Ninguna norma obliga al flamante mandatario a prorrumpir en esa
efusión oratoria. Pero salvo Hipólito Yrigoyen, que omitió esa
costumbre movido quién sabe por qué modalidad personal, todos los
presidentes, que sepamos, aprovecharon la solemne oportunidad para
dirigirse a la Nación formulando consideraciones sobre la
problemática del momento y destacando el programa al que habrían de
ceñirse.
Un repaso a los mensajes presidenciales es una excelente manera de
recorrer la historia argentina a partir de la organización
constitucional. Piezas oratorias hinchadas de floreos o sobrias
oraciones cívicas, jactancias desmentidas por los hechos o modestas
afirmaciones que más tarde se justificaron, todos los estilos
desfilan por esos discursos. Hay temas que aparecen en los mensajes
de los
primeros presidentes con reiteración: hoy nos resultan totalmente
remotos. Tal, el problema del indio, que en las piezas inaugurales
de Mitre, Sarmiento y Avellaneda ocupan un lugar destacado. Otros
temas, en cambio, tienen vigencia permanente, aunque hayan sido
desarrollados en lenguaje distinto según los tiempos. Por ejemplo,
el tema eterno de la libertad.
Temas de antaño y temas permanentes
En el primer mensaje pronunciado por un presidente constitucional,
Justo José de Urquiza afirmaba: "La libertad civiliza y fecunda. La
libertad sin moderación es una odiosa algazara. La libertad sin las
costumbres y la religión, carece de garantías. La libertad sin el
trabajo y la industria, no tiene ocupación digna". Urquiza decía
esto en el modesto ámbito del cabildo de Santa Fe el 5 de marzo de
1853. Lo rodeaban los diputados y senadores del Congreso de la
Confederación que días más tarde se trasladarían a Paraná, felices
al ver concretados su anhelos de organización pero contristados por
la separación de la provincia de Buenos Aires, a la que el flamante
presidente dedicó varios párrafos.
Cada mensaje tiene la impronta de su autor. Pues ¿qué pudo decir
Sarmiento en su primer mensaje? Reflexiones sobre la educación,
naturalmente: "Hemos recibido en herencia masas populares
ignorantes. . . Una mayoría dotada con la libertad de ser ignorante
y miserable, no constituye un privilegio envidiable para la minoría
educada de una Nación que se enorgullece llamándose republicana y
demócrata. . ."
Avellaneda, que asumió la presidencia el 12 de octubre de 1874 en
medio de un movimiento revolucionario que negaba la legitimidad de
su mandato, destacó la significación de esta circunstancia: "Acabo
de prestar juramento en este recinto donde hace doce años se dictan
las leyes que obedece la República. Queda así demostrado que (. . .)
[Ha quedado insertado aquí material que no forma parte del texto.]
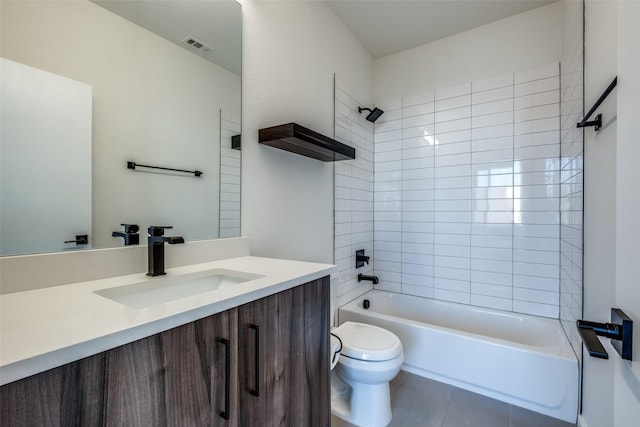 bathroom featuring toilet, tile patterned floors, washtub / shower combination, and vanity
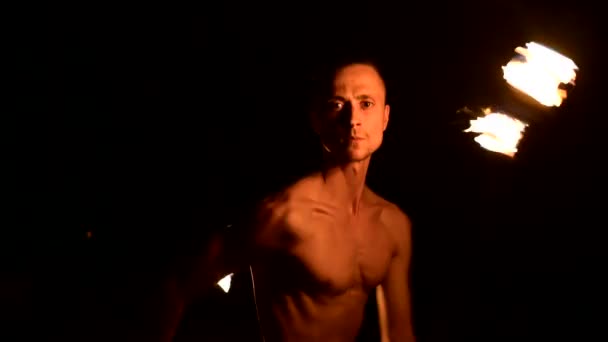 Fire show. Man juwisselt met twee brandende fakkels. Night show. Beheersing van de fakir. Close-up — Stockvideo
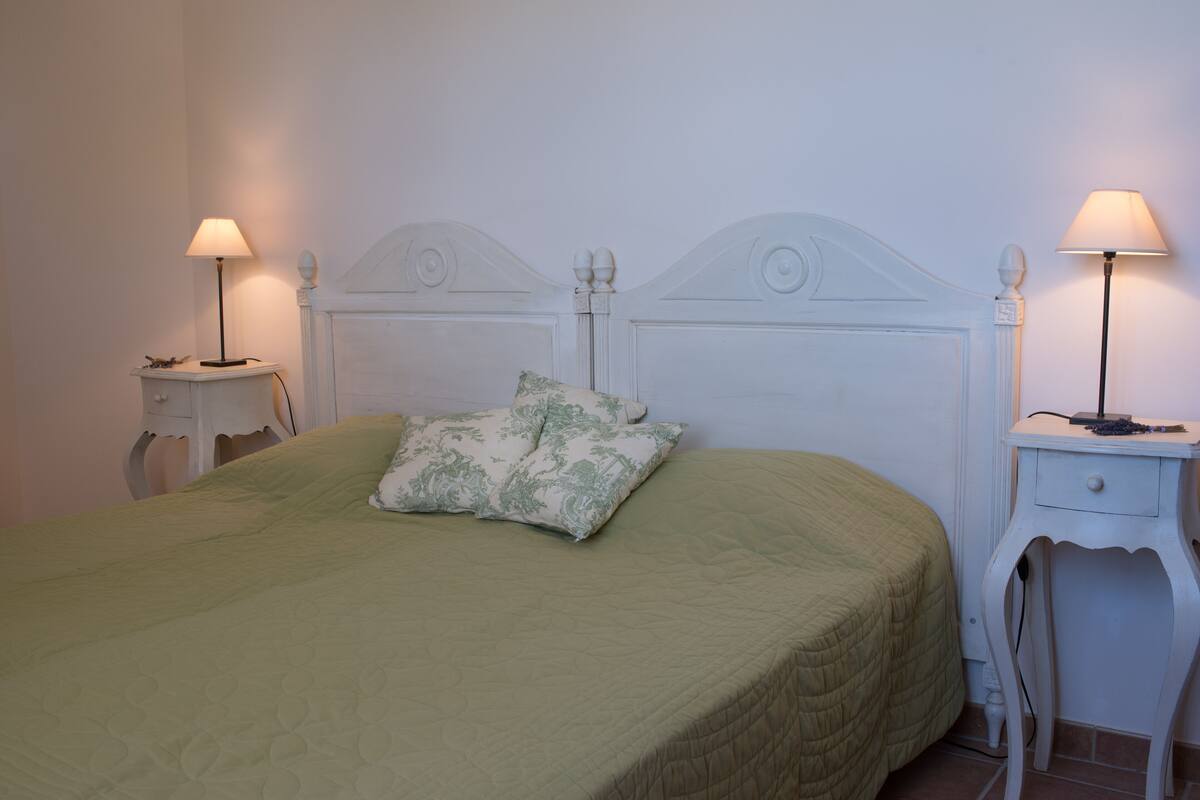 A neatly made bed with a green bedspread and two decorative pillows, flanked by two bedside tables with lamps, in a simple room with white walls and a classic headboard.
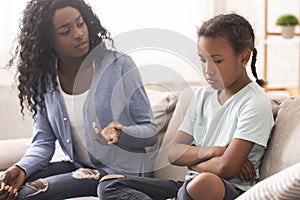Disappointed black mother looking at her little daughter with reproach photo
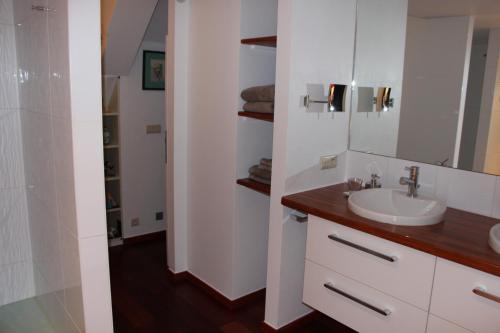 Baño blanco con lavabo y espejo en Chambre d'hôtes CitaBel'Air, en Namur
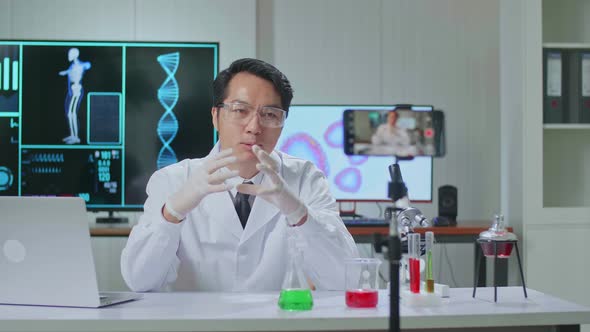 Asian Scientist Man Recording Webinar, Using Smartphone On Tripod, Sitting At Desk In Office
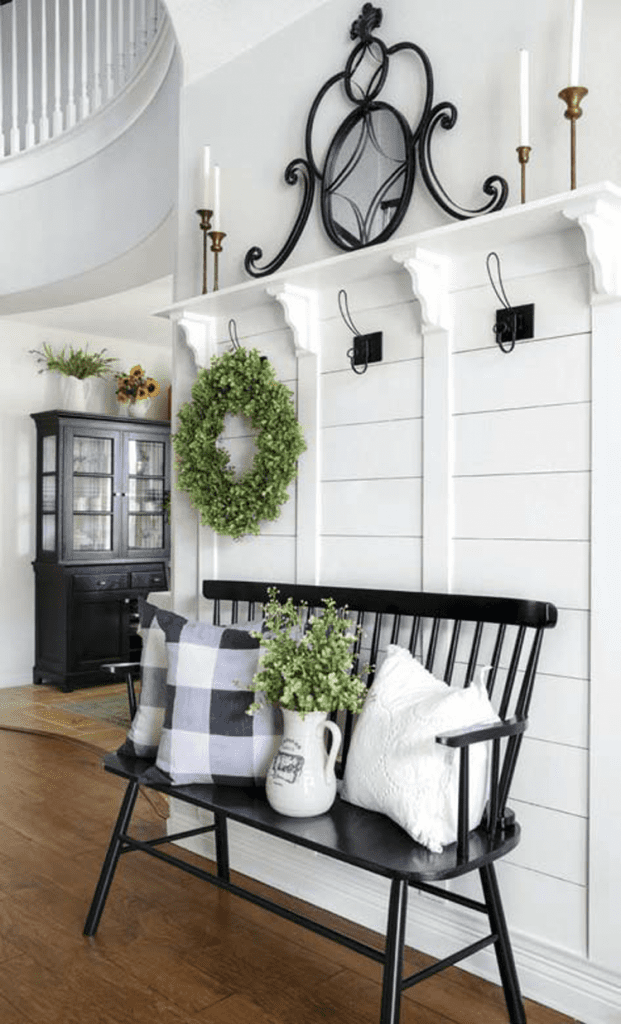 A white foyer with wreaths in a custom farmhouse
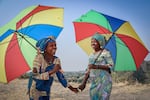 Néema Byanyira (left) chats with Ange Furaha under the shade of their umbrellas. Byanyira says one reason she uses one is to keep her makeup from running.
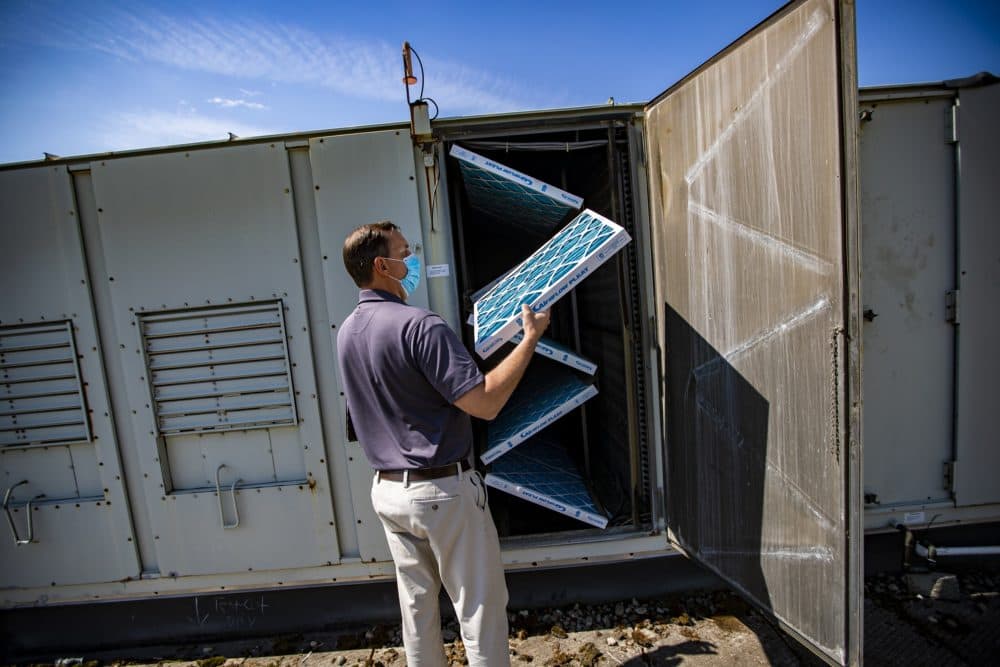During an inspection at West Somerville Neighborhood School, engineer Scott LeClair pulls out an air filter from an central air conditioning unit that he finds are only 30 percent efficient. They will be upgraded with filters that closer to 95 percent efficient. (Jesse Costa/WBUR)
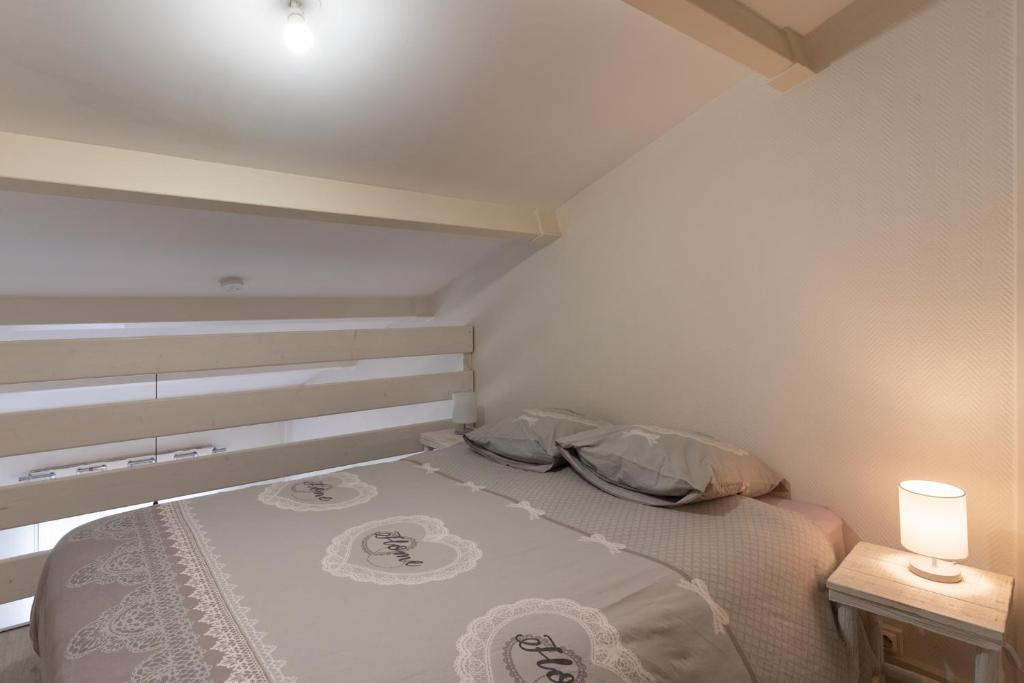 Postel nebo postele na pokoji v ubytování COSY Home - 2 à 4 pers - Aéroport - vieux Blagnac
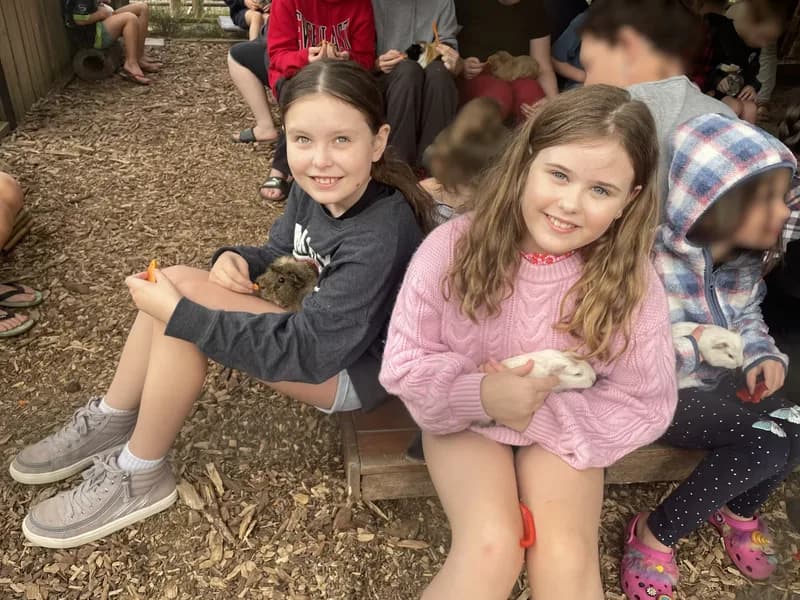 Two children, cuddling guinea pigs in their lap, sitting on a wooden log amongst a group of people, appearing happy and looking at the viewer.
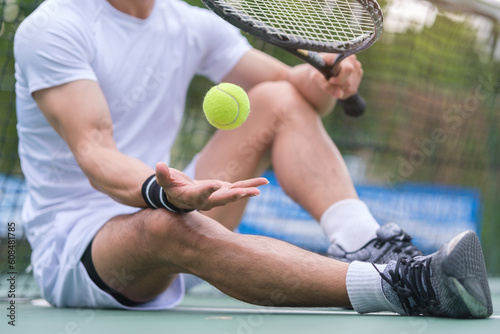 Man in white sports clothes holding racket and ball resting tennis court. Sport, competition, healthy and active lifestyle concept.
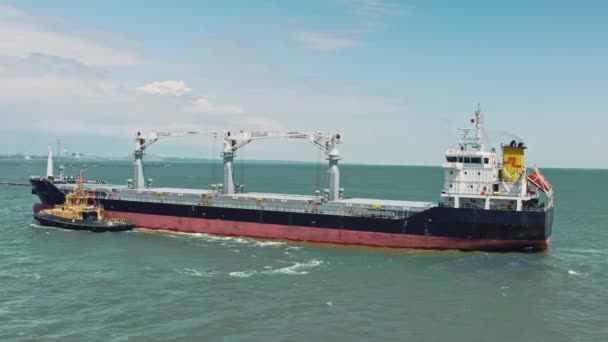 Εναέρια drone βίντεο του πλοίου μεταφοράς εμπορευματοκιβωτίων καθοδηγείται από κίτρινο ρυμουλκό βοηθητικό σκάφος στο εμπορικό λιμάνι logistics. Το ρυμουλκό μεταφέρει ένα μεγάλο πλοίο στην αποβάθρα του λιμανιού. — Αρχείο Βίντεο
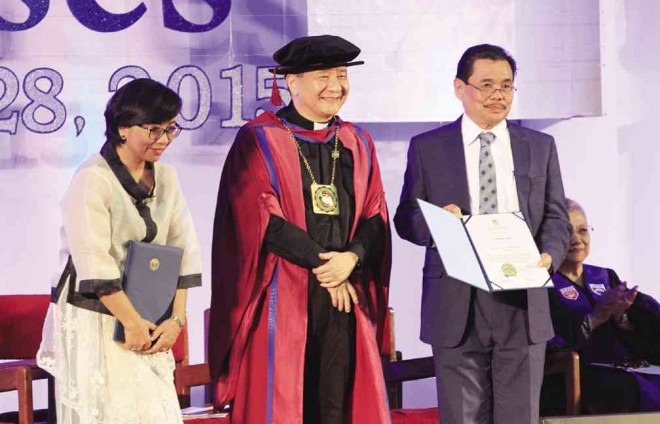 Prof. Miriam Coronel-Ferrer (left) and Moro Islamic Liberation Front peace panel chair Mohagher Iqbal (right) receive from university president Fr. Roberto Yap, SJ, (center) the Fr. William F. Masterson, SJ, Award during commencement exercises at  Xavier University in Cagayan de Oro City. JB R. DEVEZA/INQUIRER MINDANAO 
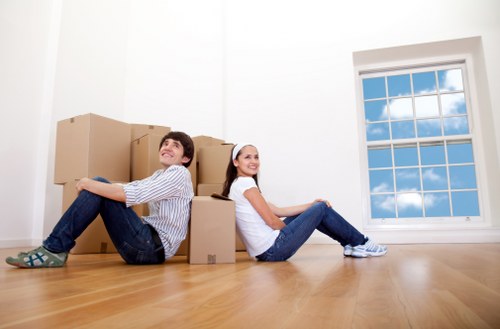 Room-by-room labeled packing boxes prepared for relocation in Welling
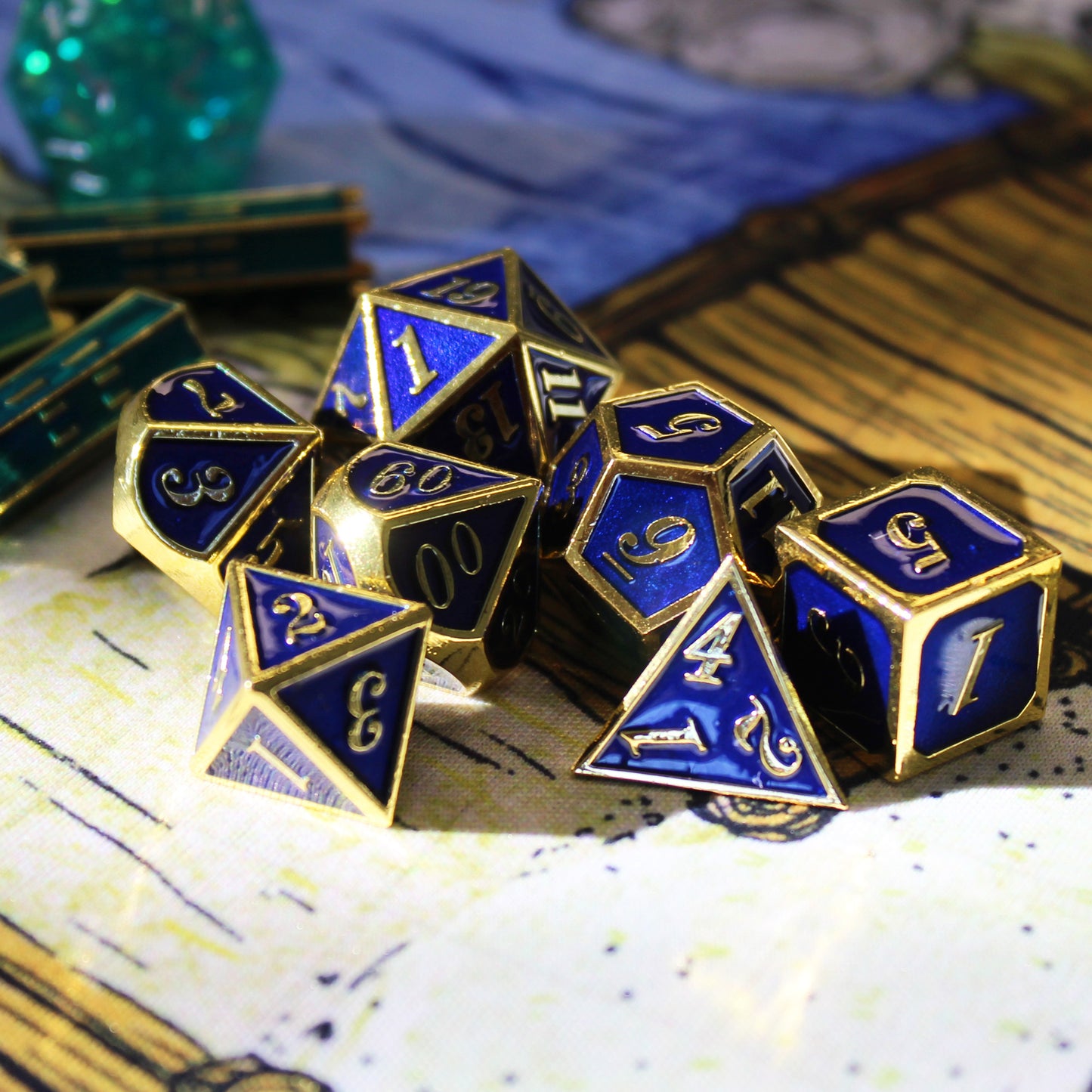 Imperial blue and gold dice set scattered on a play mat with other green set pieces scattered behind them.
la vida constitucional no se interrumpe y la transmisión del mando
se verifica, abriéndose un nuevo período presidencial bajo las
formas ordenadas de la legalidad". Es que en ese momento, la suprema
necesidad de la Nación consistía en mantener la continuidad de sus
instituciones, Y aunque por cierto la elección de Avellaneda era muy
cuestionable (ni más ni menos que las otras designaciones
presidenciales de la época) era mucho peor caer en la tentación de
la revolución.
Algo parecido quiso decir Roca en 1880. También el flamante
mandatario se había hecho cargo en medio de un ambiente que todavía
estaba caliente con las llamas del levantamiento porteño encabezado
por el gobernador de Buenos Aires. Roca quiso marcar que abría una
etapa distinta y que la fuerza del Estado Nacional sería
incontrastable en adelante. Dijo en su mensaje inaugural:
"Necesitamos paz duradera, orden estable y libertad permanente; y a
este respecto lo declaro bien alto, desde este elevado asiento, para
que me oiga la República entera: emplearé todos los resortes y
facultades que la Constitución ha puesto en manos del Poder
Ejecutivo, para evitar, sofocar y reprimir cualquier tentativa
contra la paz pública". Momentos antes había proclamado: ". . . la
divisa de mi gobierno será: Paz y Administración". Aparentemente
poco imaginativa, la fórmula roquista era un programa de máxima para
permitir la inserción de la Argentina en los circuitos mundiales de
la producción y el consumo, un objetivo que exigía tranquilidad para
recibir hombres, capitales y tecnología.
Seis años más tarde, Juárez Celman, sucesor —y concuñado— de Roca,
recordaba este slogan en su mensaje inaugural. Así decía el cordobés
desfenestrado cuatro años más tarde por la Revolución del Parque:
"Paz y Administración (. . .) expresa la suprema aspiración de los
argentinos y explica la prodigiosa transformación operada en la vida
económica de nuestro país."
Los mensajes posteriores
Cada mensaje inaugural recoge, de uno a otro modo, el tema
predominante de su tiempo. Cuando Pellegrini recibió la Presidencia
de la Nación, la impopularidad del gobierno era total y ruinosa la
situación económica: a sólo diez días de la Revolución del Parque,
"el Gringo" debía afrontar circunstancias terribles. Convocó
entonces a una veintena de banqueros y hombres de empresa, y
consiguió que suscribieran un compromiso para hacer posible el pago
del servicio de la deuda externa que vencía unas semanas más tarde.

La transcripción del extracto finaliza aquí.